Todo o atracar, todo o largar de navio, 
É — sinto-o em mim como o meu sangue - 
Inconscientemente simbólico, terrivelmente 
Ameaçador de significações metafísicas 
Que perturbam em mim quem eu fui... 

O termo “paquete” pode designar algumas metáforas, porém prefiro de além de imaginar essa imagem como a é descrita, identifico o símbolo de memória, que faz o eu-lírico lembrar sobre o seu passado, e por isso ficar aflorado.

(...)
soa no acaso do rio um apito, só um. 
Treme já todo o chão do meu psiquismo. 
Acelera-se cada vez mais o volante dentro de mim. 
E o volante desse paquete que só o faz acelerar as lembranças e com isso as emoções.
(...)
Ah, os paquetes, os navios-carvoeiros, os navios de vela! 
Vão rareando - ai de mim! - os navios de vela nos mares! 
E eu, que amo a civilização moderna, eu que beijo com a alma as máquinas, 
Eu o engenheiro, eu o civilizado, eu o educado no estrangeiro, 
Gostaria de ter outra vez ao pé da minha vista só veleiros e barcos de madeira, 
De não saber doutra vida marítima que a antiga vida dos mares! 
Porque os mares antigos são a Distância Absoluta, 
O Puro Longe, liberto do peso do Atual...
E ah, como aqui tudo me lembra essa vida melhor, 
Esses mares, maiores, porque se navegava mais devagar. 
Esses mares, misteriosos, porque se sabia menos deles. 

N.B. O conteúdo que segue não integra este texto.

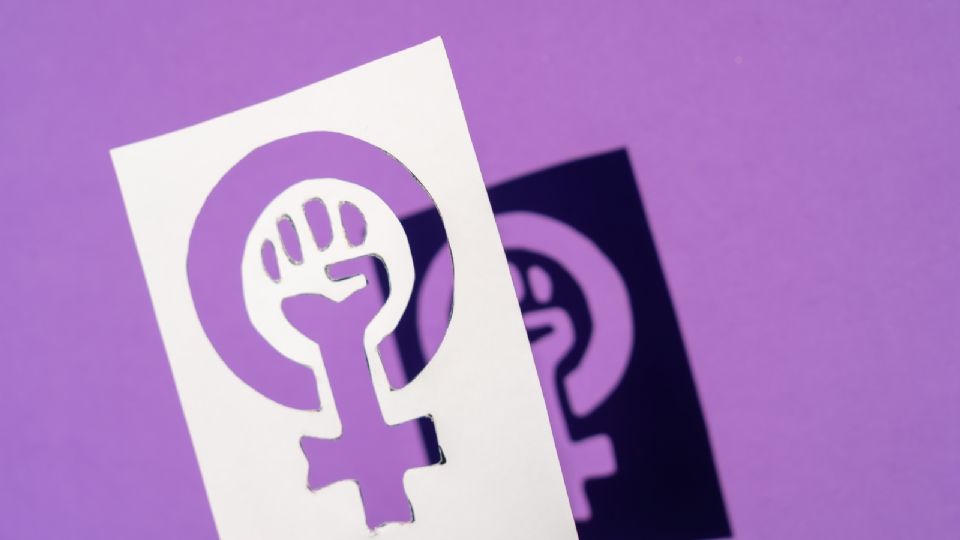 Símbolo de la lucha del feminismo sobre fondo morado / Ilustración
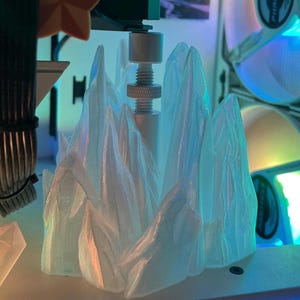 Op de afbeelding: Een wit 3D-geprint model van een bergketen, met een getextureerd oppervlak, wordt geprint op een 3D-printer. Het model wordt op zijn plaats gehouden door een metalen staaf.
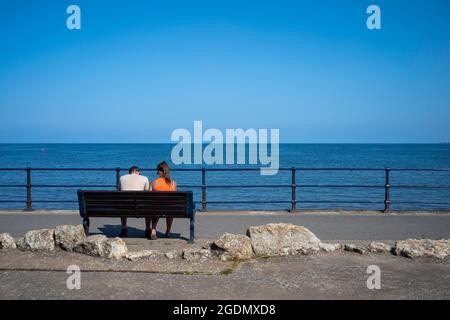 Ein Paar auf einer Bank am Meer, Filey, North Yorkshire, Großbritannien Stockfoto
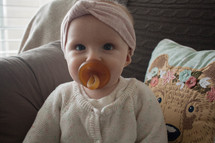 an infant girl with a pacifier in her mouth sitting on a couch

E agora o cinismo sobre o futuro e a vontade de voltar ao passado. E ainda que Álvaro de Campos é o heterônimo moderno, aquele que mais se aproxima com as ideias da vanguarda Futurista. É engenheiro, formado em Glasgow. E mesmo com a sua formação e com todo o seu tom inovador é um desacreditado no futuro, já está a cair no tédio da existência.
Álvaro de Campos é o heterônimo engenheiro, o acadêmico. Ao contrário de Alberto Caeiro, pastor, ateu e ainda afirma que a leitura não leva a nada. O heterônimo pastor defende a ideia de que só é real aquilo o que ele pode sentir, logo Deus não é real, mas a relva e o orvalho das folhas são reais, e ao ver e sentir cada um destes elementos o faz feliz.  O poema a seguir, nomeado Quando vier a Primavera,  exprime muito bem as ideias de Caeiro (além de ser lindíssimo).

Quando vier a Primavera, 
Se eu já estiver morto, 
As flores florirão da mesma maneira 
E as árvores não serão menos verdes que na Primavera passada. 
A realidade não precisa de mim. 

Sinto uma alegria enorme 
Ao pensar que a minha morte não tem importância nenhuma 

Se soubesse que amanhã morria 
E a Primavera era depois de amanhã, 
Morreria contente, porque ela era depois de amanhã. 
Se esse é o seu tempo, quando havia ela de vir senão no seu tempo? 
Gosto que tudo seja real e que tudo esteja certo; 
E gosto porque assim seria, mesmo que eu não gostasse. 
Por isso, se morrer agora, morro contente, 
Porque tudo é real e tudo está certo. 

Podem rezar latim sobre o meu caixão, se quiserem. 
Se quiserem, podem dançar e cantar à roda dele. 
Não tenho preferências para quando já não puder ter preferências. 
O que for, quando for, é que será o que é.

Acho difícil alguém, depois de ler com mais atenção essas poesias, ainda queira usar Pessoa como auto-ajuda, ou como psicólogo.